From the material below, return exactly the lines starting at the one that holds "NIL Baseball Jersey" and ending at the one that holds "Living room rendering of the Crockett home.". Pictures stay out of the answer.
Dataset excerpts Start Marker
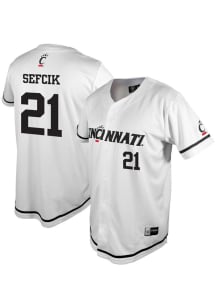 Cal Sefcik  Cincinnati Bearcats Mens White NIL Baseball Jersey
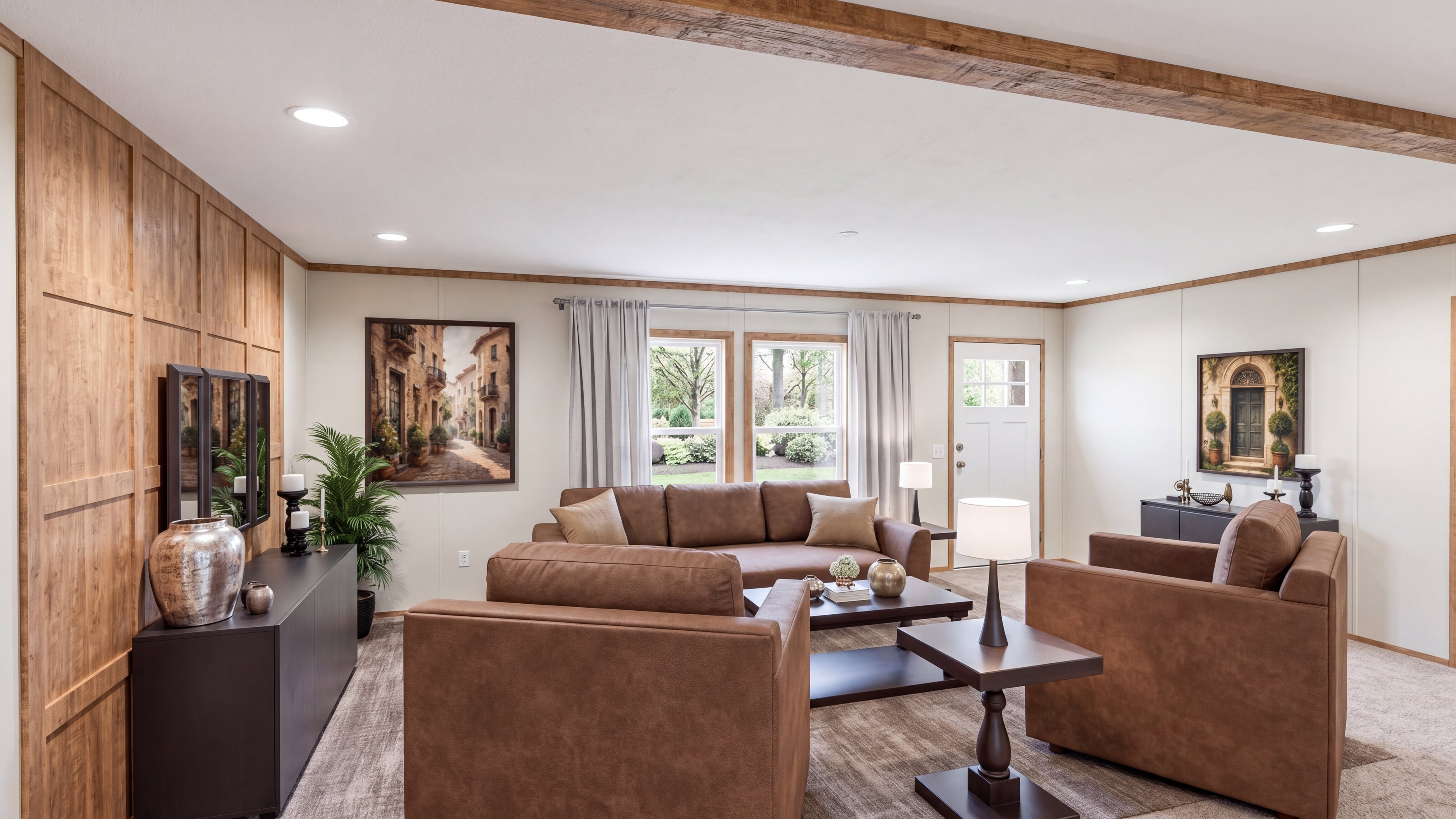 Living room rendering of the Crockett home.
Dataset excerpts End Marker
Dataset excerpts Start Marker
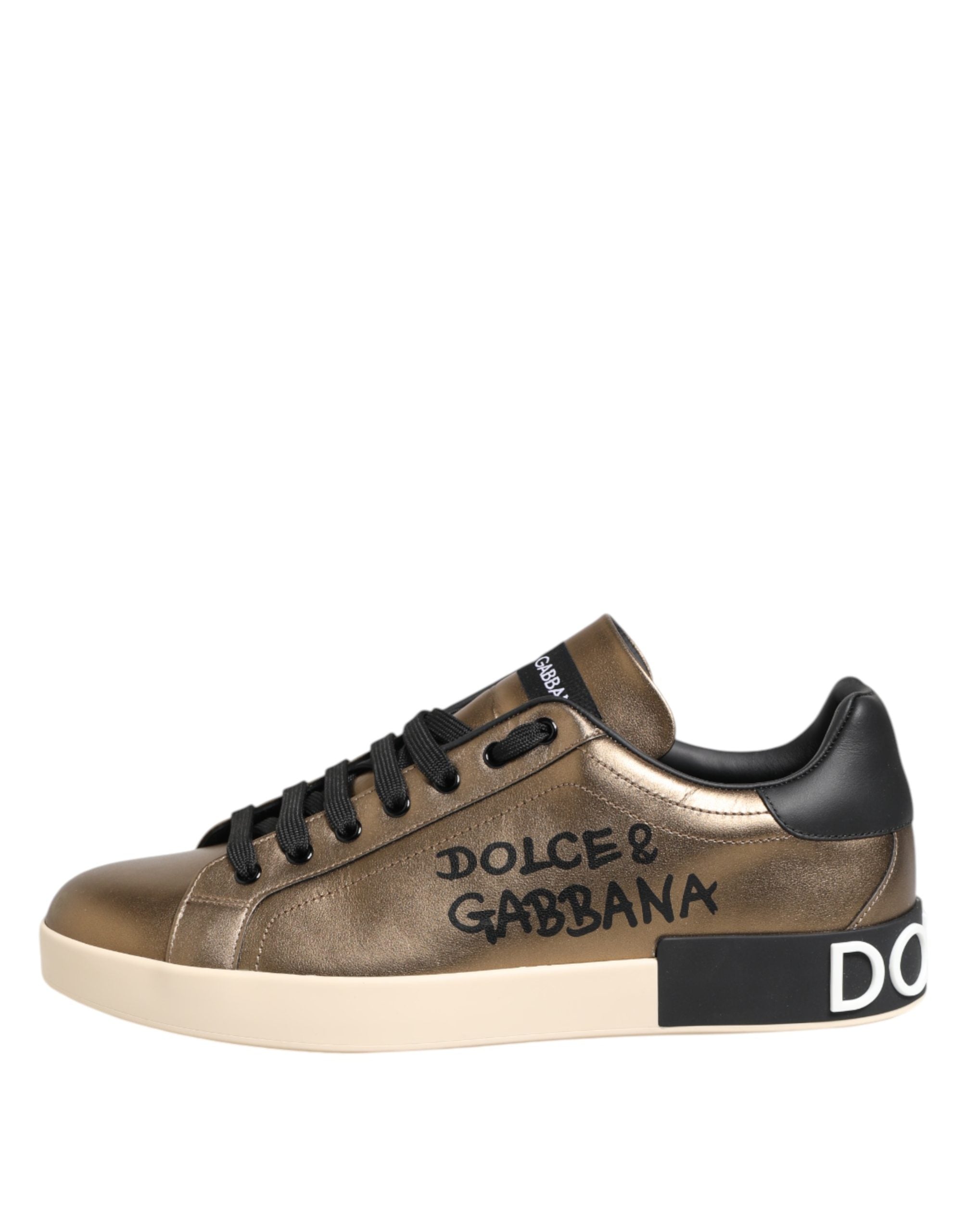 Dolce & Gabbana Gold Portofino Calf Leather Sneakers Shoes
Dataset excerpts End Marker
Task result.
 Cal Sefcik  Cincinnati Bearcats Mens White NIL Baseball Jersey
 Living room rendering of the Crockett home.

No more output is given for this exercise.